2. Create your own generic "comic" universe, that is basically anything between inspired-by all the way to "blatant rip-off of" the DC/Marvel type universe.
3. Create your own comic universe but one that is radically different from the existing ones.
If you choose number 1; you have the problem that your heroes will always feel like second stringers compared to the big hitters (Superman, Batman, Thor, Wolverine); there's simply no way that they'll be as cool, as interesting, as central to the universe itself, because those niches are all filled. Of course, you can have your players actually get to play the setting-supers themselves, but then you get a whole other bag of worms: everything from two different players fighting over who gets to be Green Lantern, to players claiming that the stats for the heroes as you/the game presented them is wrong because there's no way that Killowog could be a better Green Lantern than Guy Gardner because episode #883 of "Green Lantern Comics" said so, to the guy playing Batman deciding that it would be "really cool" if Batman went nuts and started killing people or the guy playing Superman decides that he's going to take over the world or dump Lois Lane and start going after Black Canary because the player always thought Black Canary was totally hotter.. etc etc ad nauseum. Its a recipe for disaster.
If you choose number 2: your game world can't possibly be as cool as the DC or the Marvel Universe. Those universes have the appeal that they are the familiar worlds of the heroes we know from our infancy. A good example of this is in some of the "worlds" created for the Supers RPGs themselves; M&M's "Freedom City" for example. I've been passed a copy of the new Freedom City sourcebook, and it is intense. Its great. Its got all the classic memes of hero settings, and they did a bang up job of writing it up.

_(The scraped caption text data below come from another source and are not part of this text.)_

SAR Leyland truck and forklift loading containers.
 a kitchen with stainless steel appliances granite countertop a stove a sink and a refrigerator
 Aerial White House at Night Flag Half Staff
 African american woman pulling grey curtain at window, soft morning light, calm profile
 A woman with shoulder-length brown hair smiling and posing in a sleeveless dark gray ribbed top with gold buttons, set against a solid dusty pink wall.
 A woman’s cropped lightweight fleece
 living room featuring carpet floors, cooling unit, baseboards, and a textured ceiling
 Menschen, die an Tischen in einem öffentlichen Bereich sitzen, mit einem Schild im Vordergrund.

And you know what? I spent the whole fucking time reading the thing saying: "yea, that's obviously Wonder Woman, that's Green Arrow, that's the Skrull, those are the Kree, that's the X-men; they're all here, only less cool". They're cheap knock-offs. So Freedom City, for all its brilliant design, comes out to be a world of cheap knock-offs of all the heroes and themes we already know.
As for number 3: well, how far can you go from the standard themes and still really be playing a Superhero game? What's more, which of these variations can you think of that will be both cool, playable and not be done before? I mean, ripping off Watchmen, or ripping off Rising Stars, or ripping off Mohammed Ali's Anti-Tooth-Decay Champions is no better than ripping off DC or Marvel.
I don't really have a good solution to all this. My own Legion game has the advantage of being the Legion: its set IN the DC universe, tied absolutely to the DC universe, but the setting is a 1000 years divorced from most of the DC universe, so that players and the DM both have a lot more freedom without having to try to jam square pegs in round holes. I decided that the players would basically play their own interpretations of Legion characters (ie. player x is "lightning lad", with lightning lad's same powers, origins, and basic traits but the player will get to decide what LL acts like or does from then on, bound only by the conventions of the Legion Constitution and heroic memes), which is far easier to do than letting your players try to handle their own interpretations of, say, Avengers or the Justice League.
There is one thing that I could advise people if they set out to create their own "supers" universe: one of the things that is often overlooked in trying to emulate the genre is the question of consistency. Most DMs will by default try to create the most consistent world setting possible, but in Supers games this is actually counter-productive. In the universe of DC or Marvel, the world is a big sloshing mess where lots of inconsistencies, multiple origin stories, overlapping metaphysics, altered history, etc. all exist. Trying to make your setting perfectly consistent is actually going to make it feel LESS like the comics.